Fahmi Mubarok, Ilmuwan Material. (dok.EPO)
Fahmi telah tertarik dengan dunia sains sejak duduk di bangku sekolah. Hal ini terinspirasi dari guru matematika semasa ia berada di jenjang Sekolah Menengah Pertama (SMP).
"Jadi saya suka sains, suka IPA (Ilmu Pengetahuan Alam) itu karena diajar matematika oleh guru saya waktu SMP. Cara mengajar beliau itu sangat asyik menurut saya, sangat menarik. Dan itu akhirnya yang membuat saya jatuh cinta lah istilahnya dengan bidang IPA. Akhirnya suka dengan matematika, dengan fisika, dengan kimia, dan sebagainya," cerita Fahmi.
Kecintaan Fahmi terhadap dunia pendidikan dan sains terus tumbuh hingga ia duduk di bangku kuliah.
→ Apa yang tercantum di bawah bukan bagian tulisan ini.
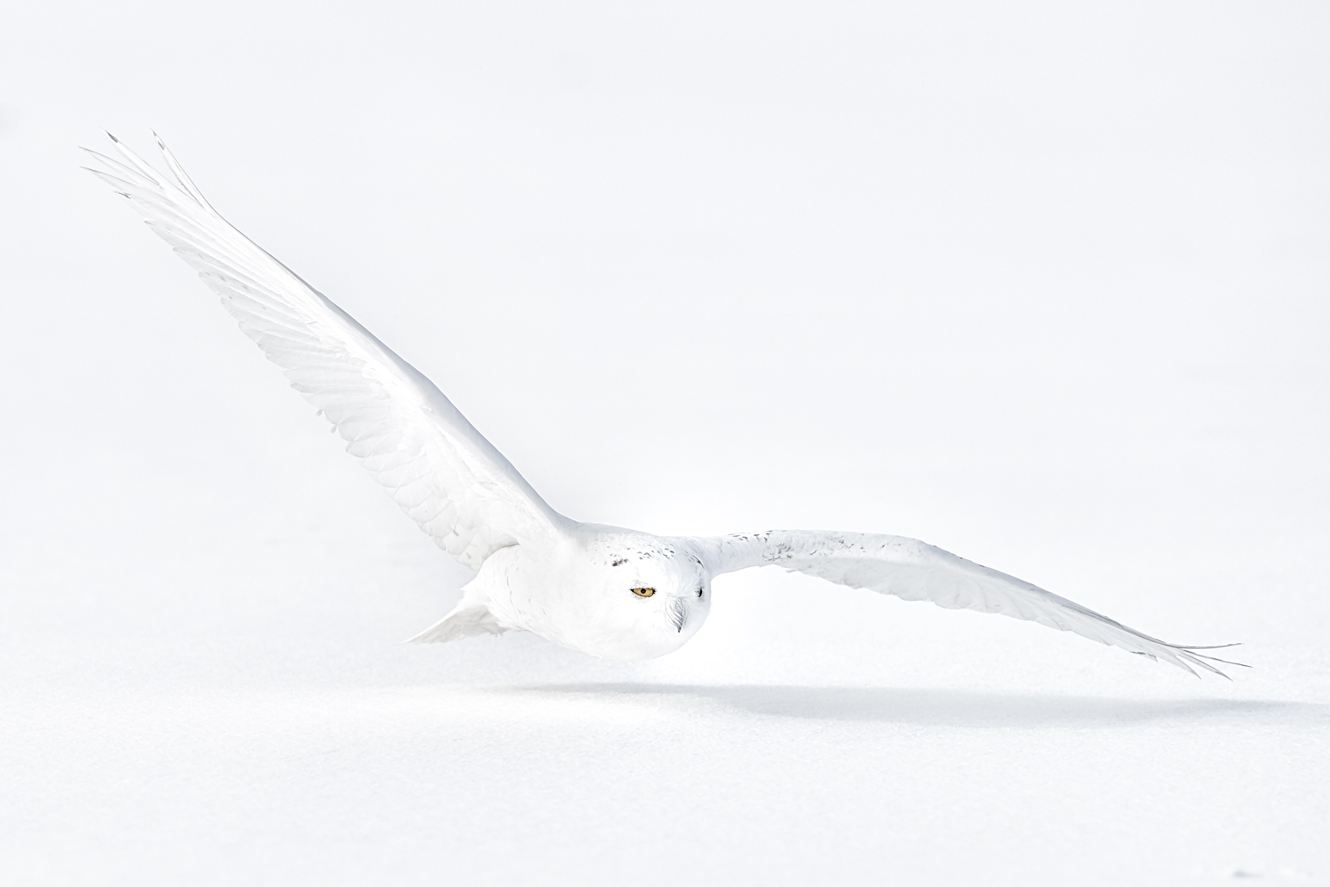 Canadian Snowy Owl Photography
Setelah lulus sarjana (S1), Fahmi semakin tertarik bergabung ke dunia pendidikan dan muncul keinginan untuk menjadi dosen.
Fahmi mengawali karier sebagai dosen ITS pada tahun 2004 sekaligus melanjutkan pendidikan progam magister di tahun yang sama. Saat melakukan program magister ini, Fahmi meneliti tentang karbida yang kelak akan jadi senyawa penting dalam penelitiannya.
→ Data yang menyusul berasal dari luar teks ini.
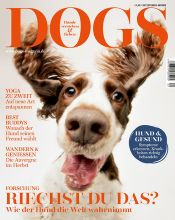 Dogs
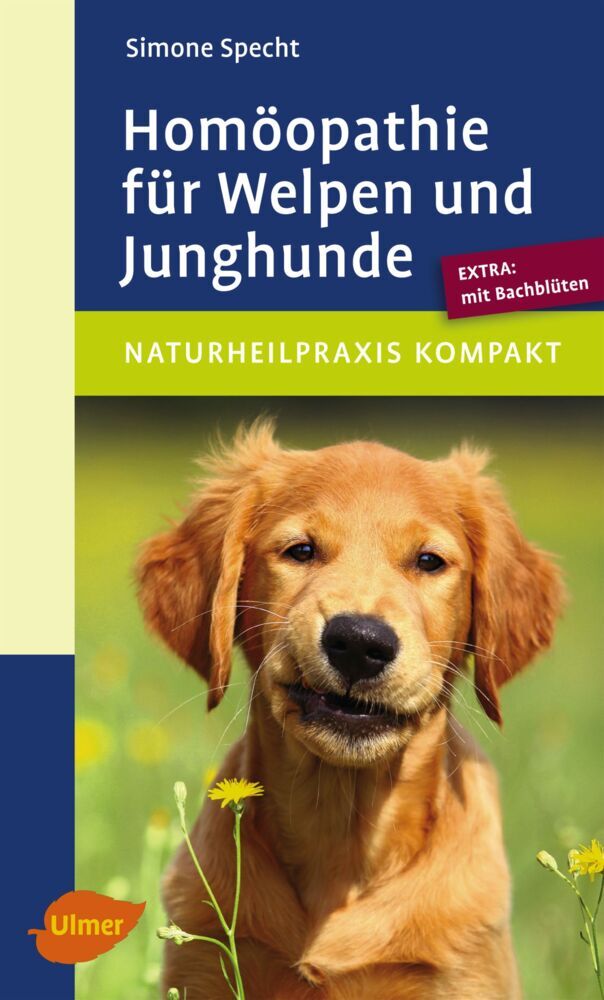 Homöopathie für Welpen und Junghunde main product photo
"Karena memang saya punya basis waktu S2, saya juga meneliti tentang karbida juga. Karena ada dasar, terus profesor juga melihat, 'Kayaknya kamu mampu karena kamu punya basic. Jadi, ayo kita bergerak bersama-sama,'. Memang tantangannya banyak. Jadi, dua tahun kita habiskan dengan trial eror, mulai desperate juga. ‘Aduh, ini kalau gak update, ya sudah kita cari yang lain saja,’." kata Fahmi.
Setelah masa percobaan sejak tahun 2010 hingga 2012, Fahmi dan partner, Nuria Espallagras berhasil menemukan apa yang dicarinya. Fahmi bersyukur setelah berbagai percobaan dan kegagalan, akhirnya teknologi yang ditelitinya bisa membuahkan hasil.